New: Monte Carlo Simulations

You may notice a new feature on C2: Monte Carlo Simulations for each system.



The addition of the Monte Carlo Simulation is one facet of C2’s overarching effort to help subscribers learn more about the real risks of a trading system before they start trading it.



What is a Monte Carlo Simulation?



The name comes from the gambling capital of Monaco. A Monte Carlo Simulation is a common analytical technique in which you run thousands of random simulations and study the distribution of results. In the case of Collective2, we analyze the risk profile of each trading system, and then feed that risk profile into a simulation which repeats history thousands of times. The idea is that the equity curve you see on Collective2 is in fact only one path that could have been taken. It may have been a particularly lucky path, or a particularly unlucky one. By looking at the distribution of equally-likely results, you can learn more about the nature of each trading system. Is the distribution of results scattered all over the map? That means that – regardless of the results displayed on C2 – it is equally-likely that the system could have taken a worse, adverse path.



Like everything in life, it makes a lot more sense when you look at the pretty pictures. Monte Carlo Simulations are available for most trading systems. There’s a switch under the equity graph that allows you to see a simulation plot. There are still a handful of systems which have not been calculated yet, but they will be filled in over the course of the next day or so. This stuff takes a lot of CPU cycles. So be patient.



Over the next few weeks you’ll be seeing several important improvements and additions to C2 which are designed to allow subscribers to find lower-risk (but still successful) trading systems.



I am concerned that currently, C2 gives too much prominence to high-risk systems which trade recklessly and then blow up. My job is to make C2 a useful resource for traders. You’ll be seeing some further enhancements soon.



MK

Matthew: Great feautre, but I’m a touch confused. Shouldn’t the grey area be between the red and green lines?
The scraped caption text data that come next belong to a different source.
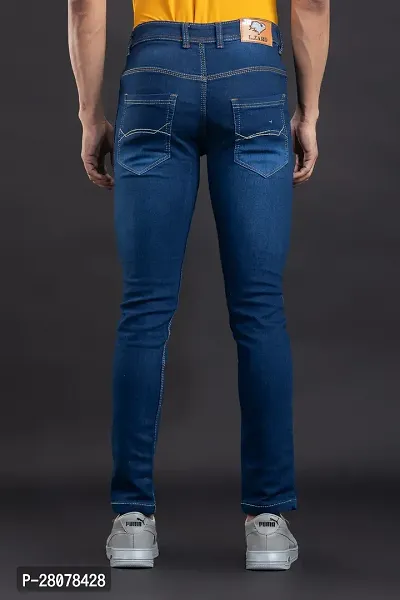 Stylish Blue Denim Solid Mid-Rise Jeans For Men-thumb2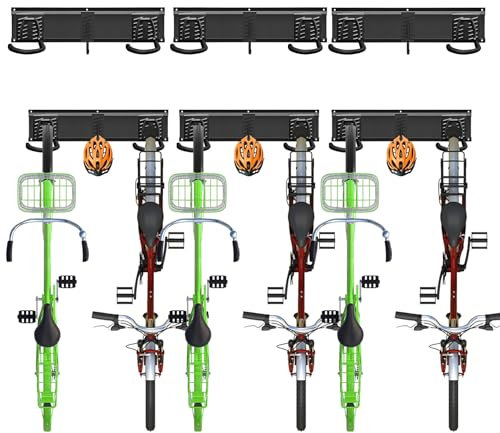 Mimoke Soporte de pared para bicicleta con gancho para casco, solución estable y ahorra espacio para garajes y apartamentos, fácil montaje, almacenamiento perfecto para tu bicicleta y accesorios (para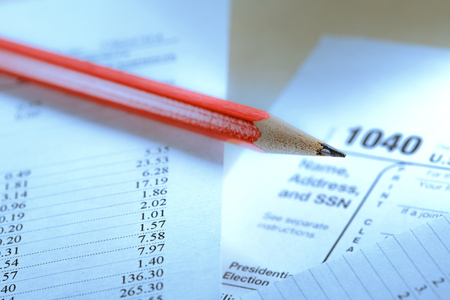 Tax form and operating budget in closupの写真素材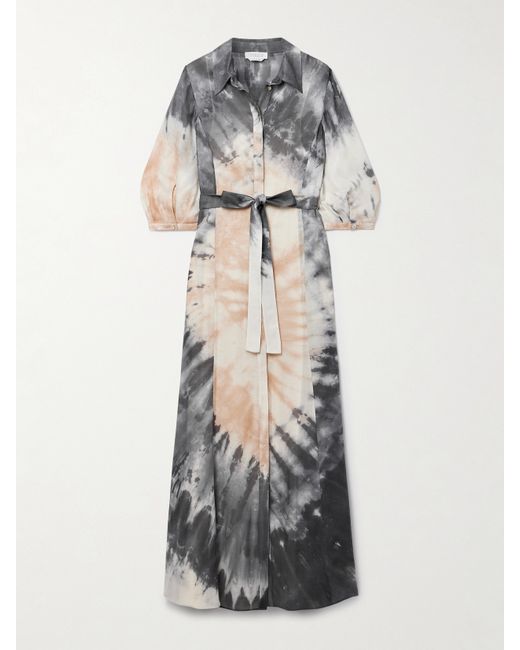 Gabriela Hearst Daisy Belted Tie-dyed Cashmere Silk And Wool-blend Maxi Dress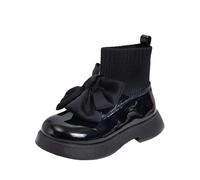 Snow Boots Kids Soft Sole Solid Color Comfortable Flat Shoes Princess Leather Bow Flower Shoes Wide Fit Anti-Slip Outdoor Breathable Footwear Walking Ankle Boots for Wedding Party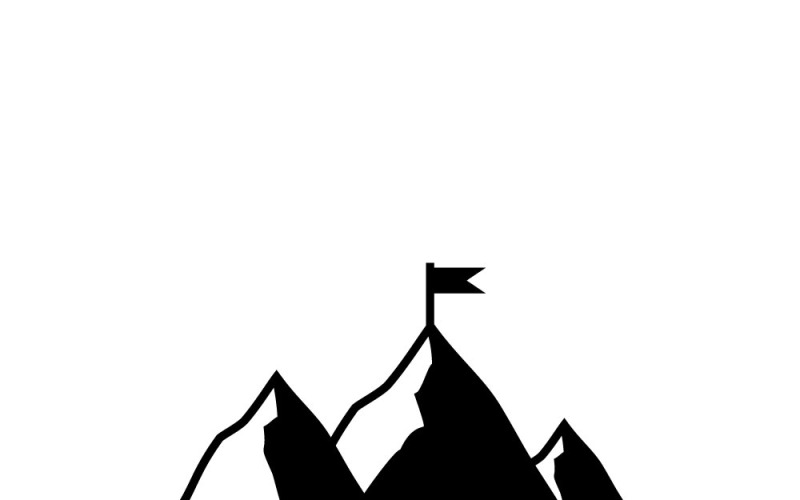 Icono de logro de la bandera de la victoria de la cumbre vectorial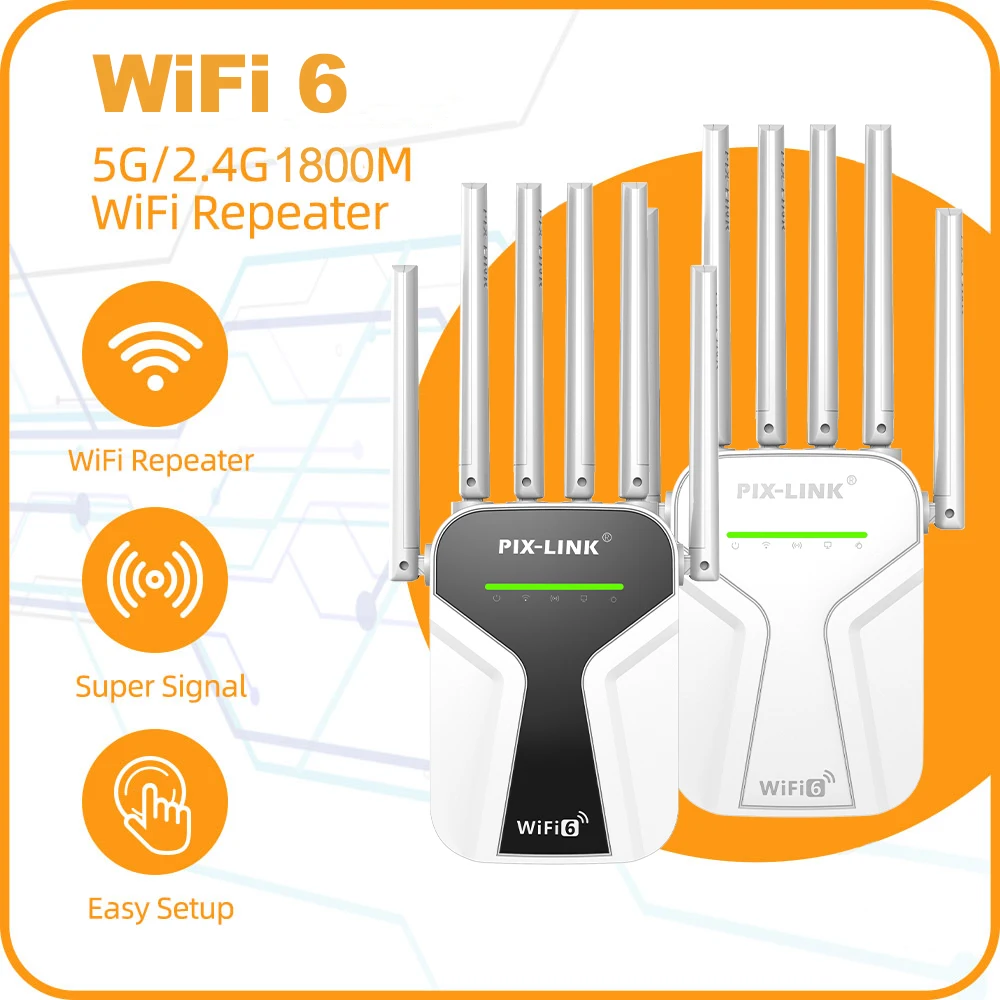 

Усилитель Wi-Fi PIXLINK WiFi 6 Extender AX1800 1800 Мбит/с, двухдиапазонный, 5 ГГц/2,4 ГГц, репитер/AP, для дома, простая настройка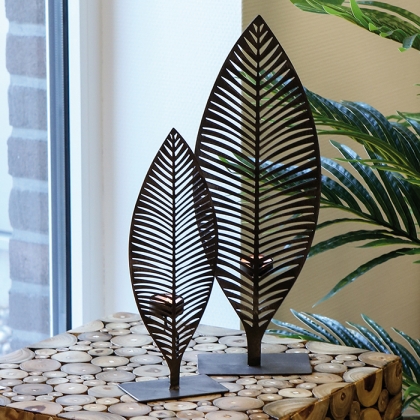 Svícen kovový Palm leaf, 45 cm - 1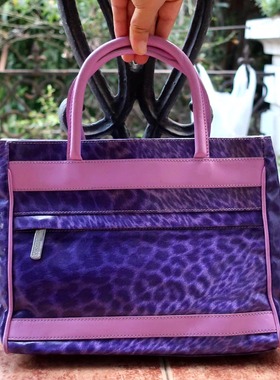 意大利FREEDOM FOR RC紫色涂鸦防水PVC拼接牛皮四方形横款托特包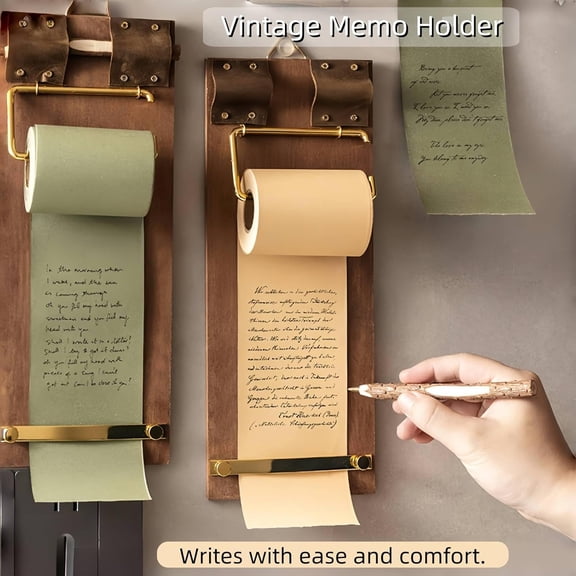 Refillable Wall Mounted Paper Roll,Vintage Clipboard Hanging Memo Board, Refillable Kraft Paper Roll With Cutter, Includes Wooden Pen For Retro Office, Kitchen & Home Decor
From the pop-up legend, I would assume that the red and green represent the best and worst outcomes, but some of the simulations lie outside these boundaries - at least for some systems.

Here’s the source of confusion. Thousands of simulations are run, but only a sample of them are drawn on the chart. That sample which is chosen to be drawn always includes two very special cases: “worst drawdown” and “highest high-water mark”. Note that those special simulation runs mean simply that a particular simulation had the best or worst at some point in its historical simulation. It does not mean that the run itself was the “best” or “worst.” (You can imagine a scenario in which one particular simulation rockets upwards, scores the “best” high-water mark, but then plummets and ends up as just a mediocre simulated run.) So the red lines and green don’t trace the frontier of possible runs. Then simply show one very special simulated run among many.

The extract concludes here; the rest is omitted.